One person was confirmed dead in the town of Labasa in Vanua Levu island, according to the FBC News. The fatality was seeking shelter inside his home when part of the building collapsed and pinned him.

According to Prime Minister Frank Bainimarama, the second fatality is a three-month old baby from the Western Division in Viti Levu island. He did not announce other details.

“#TeamFiji, we are not out of the woods yet, keep safe and adhere to weather warnings!!” the office of Bainimarama posted on social media on Friday morning.

Ahead of a nationwide curfew overnight on Thursday, the prime minister had warned the country’s near one million population to find shelter before one of the southern hemisphere’s most intense tropical storms on record.

Images shared on social media showed roads blocked by landslides, floodwaters and fallen trees. All roads in Rakiraki, a district on the main island with about 30,000 residents, were flooded, according to local media.

‘Roofs blown away’

Sanaka Samarasinha, the United Nations Resident Coordinator of Fiji, told Al Jazeera that the most immediate need of residents affected by the cyclone would be food and water.

 

“We are very much aware that there are already thousands of people, who have moved away from their homes in low-lying areas and who need continuing care in the coming days and weeks,” Samarasinha said.

He noted that many of the homes in Fiji are not built to withstand powerful storms. But he also added that with the eye of the storm missing the capital, the damage would likely be less than expected.

Parts of Fiji is still reeling from the damage brought by another category 5 Cyclone Harold, which hit the country in April.

Because of the experience of Fiji in recent months and years in dealing with similar powerful cyclones, the country has become more prepared in dealing with disasters, and the emergency food supplies are in place, Samarasinha added.

 

The UN will be helping with the Fiji government in coordinating the response and deliver help to the most affected areas. Currently, it has 589 staff from various agencies that can lend help in the humanitarian response.

Meanwhile, Shairana Ali, CEO of Save the Children in Fiji told the Australian Broadcasting Corporation on Friday morning that she expects the destruction “to be quite severe” in the northern Vanua Levu island.

“Some of the evacuation centres, especially the schools in the Bua district, the roofs had blown away so people had to basically move from classroom to classroom at the height of the cyclone to take shelter.”

Fiji Red Cross Society Director-General Ilisapeci Rokotunidau told Reuters by phone that villages in Vanua Levu have lost a lot of houses.
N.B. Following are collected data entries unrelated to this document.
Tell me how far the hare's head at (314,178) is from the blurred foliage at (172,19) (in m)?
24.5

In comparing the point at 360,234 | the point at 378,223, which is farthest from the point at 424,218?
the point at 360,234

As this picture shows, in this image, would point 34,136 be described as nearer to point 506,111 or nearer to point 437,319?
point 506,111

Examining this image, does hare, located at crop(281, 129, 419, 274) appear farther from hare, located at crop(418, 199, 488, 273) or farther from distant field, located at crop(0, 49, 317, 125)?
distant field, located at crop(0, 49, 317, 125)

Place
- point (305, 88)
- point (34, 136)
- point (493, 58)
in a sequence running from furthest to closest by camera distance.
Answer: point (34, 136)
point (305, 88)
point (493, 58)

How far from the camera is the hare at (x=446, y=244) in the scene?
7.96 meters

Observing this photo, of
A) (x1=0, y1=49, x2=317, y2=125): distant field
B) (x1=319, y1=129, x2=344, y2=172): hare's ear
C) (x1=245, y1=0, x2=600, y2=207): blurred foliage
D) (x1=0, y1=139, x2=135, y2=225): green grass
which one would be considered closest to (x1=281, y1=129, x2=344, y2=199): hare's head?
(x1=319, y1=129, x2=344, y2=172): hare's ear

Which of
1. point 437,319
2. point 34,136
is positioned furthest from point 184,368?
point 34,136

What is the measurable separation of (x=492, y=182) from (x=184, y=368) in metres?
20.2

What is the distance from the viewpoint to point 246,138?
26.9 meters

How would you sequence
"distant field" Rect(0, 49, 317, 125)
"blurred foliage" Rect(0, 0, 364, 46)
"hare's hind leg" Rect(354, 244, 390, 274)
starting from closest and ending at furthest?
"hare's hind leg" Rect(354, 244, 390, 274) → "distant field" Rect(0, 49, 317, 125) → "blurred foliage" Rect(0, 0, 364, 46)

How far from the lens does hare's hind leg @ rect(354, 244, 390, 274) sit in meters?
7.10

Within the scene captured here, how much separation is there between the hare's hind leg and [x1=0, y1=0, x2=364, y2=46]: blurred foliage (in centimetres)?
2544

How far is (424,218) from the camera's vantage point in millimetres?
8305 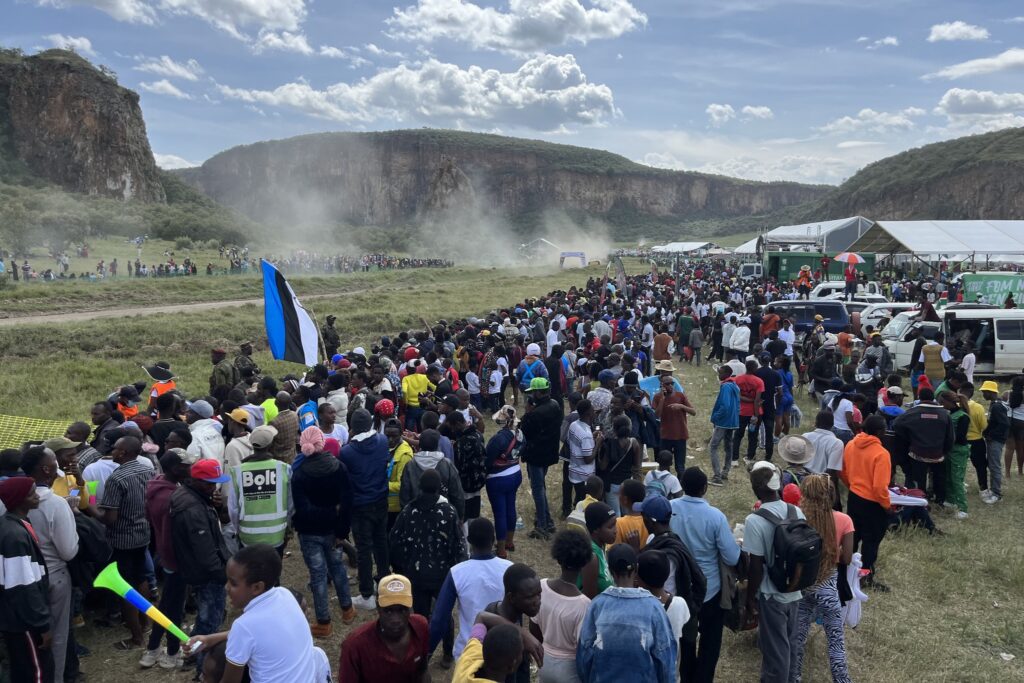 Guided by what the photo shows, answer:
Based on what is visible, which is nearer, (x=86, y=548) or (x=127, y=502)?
(x=86, y=548)

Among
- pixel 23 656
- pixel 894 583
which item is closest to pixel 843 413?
pixel 894 583

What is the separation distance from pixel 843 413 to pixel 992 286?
65.9 feet

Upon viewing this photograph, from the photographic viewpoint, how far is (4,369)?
15.3 m

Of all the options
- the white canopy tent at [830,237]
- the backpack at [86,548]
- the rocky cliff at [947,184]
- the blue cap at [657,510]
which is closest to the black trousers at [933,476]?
the blue cap at [657,510]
“The wind has flattened many community buildings and crops have been flattened.”

Save the Children’s Ali said the full picture of the storm’s impact was yet to emerge from isolated rural communities and remote islands.

Bainimarama, a long-time campaigner for climate action, blamed global warming for creating the recent monster storms, which were once rare but have become relatively common.

“This is not normal. This is a climate emergency,” he wrote on social media.

The cyclone, which is moving southeast at about 22km/h (14mph), was passing through smaller islands around Lomaiviti on Friday morning.

Yasa is expected to exit the seawaters of Fiji by Saturday morning, moving southeast towards the South Pacific nation of Tonga, which has a population of more than 100,000.